• Information provided:
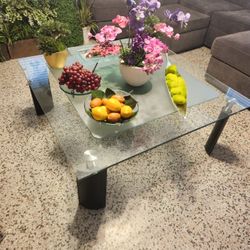 High End Coffee Table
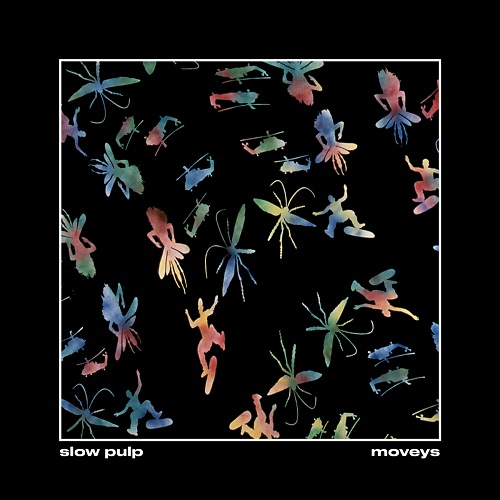 Slow Pulp - Moveys 2020 (Deluxe Edition 2025) (Lossless + MP3)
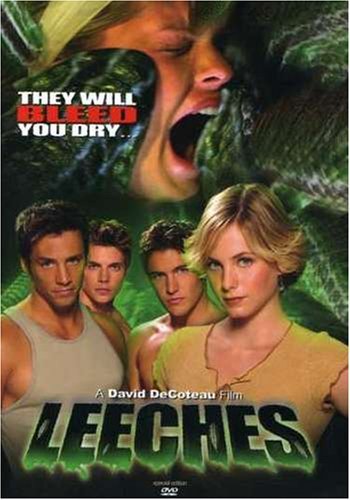 Leeches! (2003) Screenshot 3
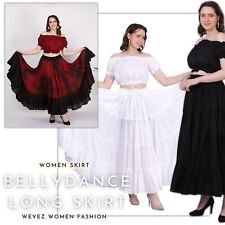 Maxi gonne lunghe donna 25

• Work required: The required answer is the material repeated exactly, with no images in it.

• Result for this exercise:
 High End Coffee Table
 Slow Pulp - Moveys 2020 (Deluxe Edition 2025) (Lossless + MP3)
 Leeches! (2003) Screenshot 3
 Maxi gonne lunghe donna 25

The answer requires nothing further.